In the UWSGI case, to demonstrate what is going on, I used port 5001, as 5000 is being used by my production server.

In this case I have

flask_app -> dash_app(server=flask_app) -> flask_app.run(debug=False)

Running this, I’m assuming port 5000 is defaulted, then NGINX listens to all requests and sends it to port 5000 (In my poor layman terms). I assumed all would be linked.

Where would the port on the dash app go in this instance?

Furthermore, could an inconsistent port number only cause a problem on the caching side of this app in production? I have another Dash App here:

The 2023 Houston Marathon,

which seems to work find in this setup (although no caching is required)

Thanks again.

@GusMontano,

What happens if you navigate directly to the :5000 port?

This would go around nginx and verify for sure that you are running the server as expected.
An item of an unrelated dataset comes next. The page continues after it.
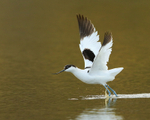 Avocet about to take off from the lagoon on Brownsea Island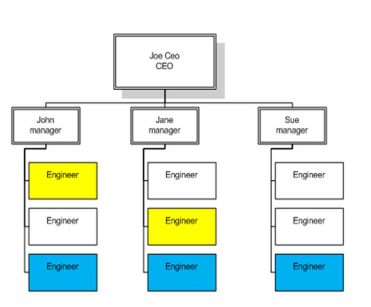 organizational structure: weak matrix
When I run my server, I use nginx, supervisor with gunicorn, where it will autorestart on error.

You can also check your error logs to see if there are any hints as to what is going on. There could be a potential for the file being too large for Nginx to handle as well.

Hi @jinnyzor - do you mean gusmontano.com:5000? If so, then this doesn’t work! Nor does IP:5000.

Interesting - my lacking knowledge always assumed that every request for gusmontano.com or IP would lead to the 5000 port. Although, explicitly entering the port doesn’t take me anywhere.

For example - if you attempt gusmontano.com:5000, I’m assuming this doesn’t work either.

Does this mean anything, and in specific to the detriment of my app?

EDIT: Oh wow! NGINX - it’s actually port 80, as given by listen 80. Therefore, I’m assuming all requests for the website are sent to port 80, and this is then passed to port 5000. Though, should they be the same?

Just checked, and NGINX will complain. The Flask App responds to port 5000, and the Dash App should do the same…

Oh I’m so lost…

server {
        listen 80;
        server_name gusmontano.com www.gusmontano.com;

        location / {
                proxy_pass http://localhost:5000;
                include uwsgi_params;
                uwsgi_pass unix:/gusmontanocom/gusmontanocom.sock;
        }

}

Correct, 80 is regular http and 443 is https.

These according to Nginx will redirect to your :5000. But since :5000 isn’t working, something isn’t working quite right. You need to look at the error logs for however you spinning up the server.

I like to use supervisor and gunicorn, with supervisor you can set up error logs and std out logs too.